### Your instructions
From the line bearing "Сандалии Skechers Microspec thumbnav" down to the final line of the records below, give every line again exactly and add nothing.

### Task data
=======

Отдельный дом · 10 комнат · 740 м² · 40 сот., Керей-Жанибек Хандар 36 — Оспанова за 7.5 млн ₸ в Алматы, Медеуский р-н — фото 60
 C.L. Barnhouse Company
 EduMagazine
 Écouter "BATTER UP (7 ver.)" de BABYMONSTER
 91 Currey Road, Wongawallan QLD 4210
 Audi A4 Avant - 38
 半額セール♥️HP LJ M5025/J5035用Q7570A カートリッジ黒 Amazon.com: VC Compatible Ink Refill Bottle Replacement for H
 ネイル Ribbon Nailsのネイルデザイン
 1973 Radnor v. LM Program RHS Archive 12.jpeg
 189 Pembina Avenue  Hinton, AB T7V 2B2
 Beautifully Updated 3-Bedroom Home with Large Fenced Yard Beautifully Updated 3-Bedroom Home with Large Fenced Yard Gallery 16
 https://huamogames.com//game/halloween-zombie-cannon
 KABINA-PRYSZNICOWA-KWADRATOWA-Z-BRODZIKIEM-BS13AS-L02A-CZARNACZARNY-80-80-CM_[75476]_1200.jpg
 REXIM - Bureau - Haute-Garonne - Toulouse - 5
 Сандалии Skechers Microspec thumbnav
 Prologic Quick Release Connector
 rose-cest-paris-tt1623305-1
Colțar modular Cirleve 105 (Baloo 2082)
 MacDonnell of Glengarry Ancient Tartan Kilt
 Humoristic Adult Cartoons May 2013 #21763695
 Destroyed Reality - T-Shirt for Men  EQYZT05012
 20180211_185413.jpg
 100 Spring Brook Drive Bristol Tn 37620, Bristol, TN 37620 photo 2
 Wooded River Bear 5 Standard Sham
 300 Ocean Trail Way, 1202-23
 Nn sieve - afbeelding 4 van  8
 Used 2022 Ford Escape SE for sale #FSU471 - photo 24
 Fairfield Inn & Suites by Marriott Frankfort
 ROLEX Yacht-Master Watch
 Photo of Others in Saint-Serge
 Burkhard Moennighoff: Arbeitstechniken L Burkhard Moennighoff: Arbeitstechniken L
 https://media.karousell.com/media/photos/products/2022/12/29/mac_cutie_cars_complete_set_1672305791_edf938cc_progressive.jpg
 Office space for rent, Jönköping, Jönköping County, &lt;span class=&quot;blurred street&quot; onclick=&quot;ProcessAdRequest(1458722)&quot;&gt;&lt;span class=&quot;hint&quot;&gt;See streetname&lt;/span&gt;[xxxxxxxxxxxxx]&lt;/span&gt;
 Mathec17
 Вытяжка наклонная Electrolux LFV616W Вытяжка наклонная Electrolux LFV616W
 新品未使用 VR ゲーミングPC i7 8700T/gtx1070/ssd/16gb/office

=======

### Problem solution
 Сандалии Skechers Microspec thumbnav
 Prologic Quick Release Connector
 rose-cest-paris-tt1623305-1
Colțar modular Cirleve 105 (Baloo 2082)
 MacDonnell of Glengarry Ancient Tartan Kilt
 Humoristic Adult Cartoons May 2013 #21763695
 Destroyed Reality - T-Shirt for Men  EQYZT05012
 20180211_185413.jpg
 100 Spring Brook Drive Bristol Tn 37620, Bristol, TN 37620 photo 2
 Wooded River Bear 5 Standard Sham
 300 Ocean Trail Way, 1202-23
 Nn sieve - afbeelding 4 van  8
 Used 2022 Ford Escape SE for sale #FSU471 - photo 24
 Fairfield Inn & Suites by Marriott Frankfort
 ROLEX Yacht-Master Watch
 Photo of Others in Saint-Serge
 Burkhard Moennighoff: Arbeitstechniken L Burkhard Moennighoff: Arbeitstechniken L
 https://media.karousell.com/media/photos/products/2022/12/29/mac_cutie_cars_complete_set_1672305791_edf938cc_progressive.jpg
 Office space for rent, Jönköping, Jönköping County, &lt;span class=&quot;blurred street&quot; onclick=&quot;ProcessAdRequest(1458722)&quot;&gt;&lt;span class=&quot;hint&quot;&gt;See streetname&lt;/span&gt;[xxxxxxxxxxxxx]&lt;/span&gt;
 Mathec17
 Вытяжка наклонная Electrolux LFV616W Вытяжка наклонная Electrolux LFV616W
 新品未使用 VR ゲーミングPC i7 8700T/gtx1070/ssd/16gb/office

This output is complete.